Fritz Enzinger: „Das war einerseits Wehmut und andererseits eine enorme Erleichterung darüber, dass das Projekt so erfolgreich war.“Andreas Seidl: „Wir sind als Team über Jahre durch dick und dünn gegangen. Dieser letzte Einsatz unter Wettbewerbsbedingungen war wirklich wehmütig. Gleichzeitig habe ich eine tiefe Dankbarkeit empfunden. Dafür, dass ich ein Teil dieses Kapitels Porsche-Motorsportgeschichte sein konnte, für die Erfolge und vor allem dafür, dass wir die vier Jahre ohne Unfälle mit Verletzten überstanden haben.“
Erinnern Sie sich noch an Ihre Erwartungshaltung bei Dienstantritt?
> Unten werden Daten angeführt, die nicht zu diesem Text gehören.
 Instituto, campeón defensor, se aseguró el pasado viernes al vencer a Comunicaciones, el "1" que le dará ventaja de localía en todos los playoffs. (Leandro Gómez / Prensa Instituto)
FE: „Ich erinnere mich vor allem an die Erwartungshaltung, die an das Projekt gestellt wurde. Es ging jeder davon aus, dass demnächst der 17. Gesamtsieg in Le Mans kommt. Diese Selbstverständlichkeit war erstaunlich. Immerhin war Porsche seit 1998 nicht mehr in der Topklasse in Le Mans angetreten. Es gab weder Infrastruktur noch Erfahrung auf dem Level der neuen LMP1-Hybrid-Klasse. Wir mussten schließlich nichts anderes als einen Formel-1-Rennwagen mit Dach bauen.“AS: „Mir war die Bedeutung, die dieses Projekt für Porsche hatte, die hohe Identifikation der Belegschaft und die Erwartungshaltung innerhalb und außerhalb von Porsche in diesem Ausmaß nicht bewusst, als ich herkam. Für mich war Porsche LMP vor Dienstantritt ein weiteres, sehr interessantes Motorsport-Projekt, das ich erfolgreich gestalten wollte. Ich hatte noch gar nicht richtig auf dem Schirm, was es heißt, mit Porsche in Le Mans um den Gesamtsieg anzutreten. Ich war ein Sprint-Racing-Junkie. Das hat sich schnell geändert. Ich sah die einmalige Chance, ab Stunde null ein Rennteam aufbauen zu können und hatte das Ziel, Rennsiege einzufahren. Allen voran in Le Mans.“
Wie sind sie mit dem Druck umgegangen?
FE: „Die ersten Monate waren schwierig. Ich war 2011 in einem tristen November mit Dauerregen als Externer ins Unternehmen gekommen, habe 14 Stunden am Tag gearbeitet und an allen Fronten gekämpft. In diesem Projekt gab es nie den einen ersten Schritt. Es musste alles parallel passieren. Baubesprechung, Reglementsitzung, Personalgespräche, Finanzen und Technik – die Taktung war extrem eng, und die Zeit verging unheimlich schnell. Natürlich gab es auch Tage mit Selbstzweifeln. Ich bin da nicht reinspaziert und habe gesagt, na klar, das ziehe ich jetzt durch. So etwas Großes von null aufzubauen, war nicht nur ein Novum bei Porsche. Ich kenne auch sonst aus der Automobilindustrie nur Beispiele, bei denen bestehende Strukturen ausgebaut wurden. Aber den Gedanken zu Scheitern, habe ich mir nie gestattet.“AS: „Mir nimmt eine optimale Vorbereitung eine gewisse Portion Druck. Sie hilft, den Rest zu managen. Für die bestmögliche Vorbereitung auf unsere Renneinsätze haben wir im Team alles getan. Wir spielten immer wieder sämtliche Szenarien durch, die es an einem Rennwochenende geben kann. Wir steckten unsere Road to Le Mans ab, planten präzise, was wir wann und wo testen wollten und wie wir das Personal einsetzen. Aber trotz bester Vorbereitung wirst du den Druck nicht los, der sich vor Le Mans aufbaut und der Samstagmittag vor dem Start seinen Gipfel erreicht. In meiner Position war es wichtig, trotz des inneren Drucks nach außen eine gewisse Ruhe auszustrahlen. Ich musste dem Team signalisieren: Wir haben alles getan, was wir konnten, wir sind gut vorbereitet, das wenden wir jetzt an.“
Was waren die drei wichtigsten Entscheidungen zum Start des Programms?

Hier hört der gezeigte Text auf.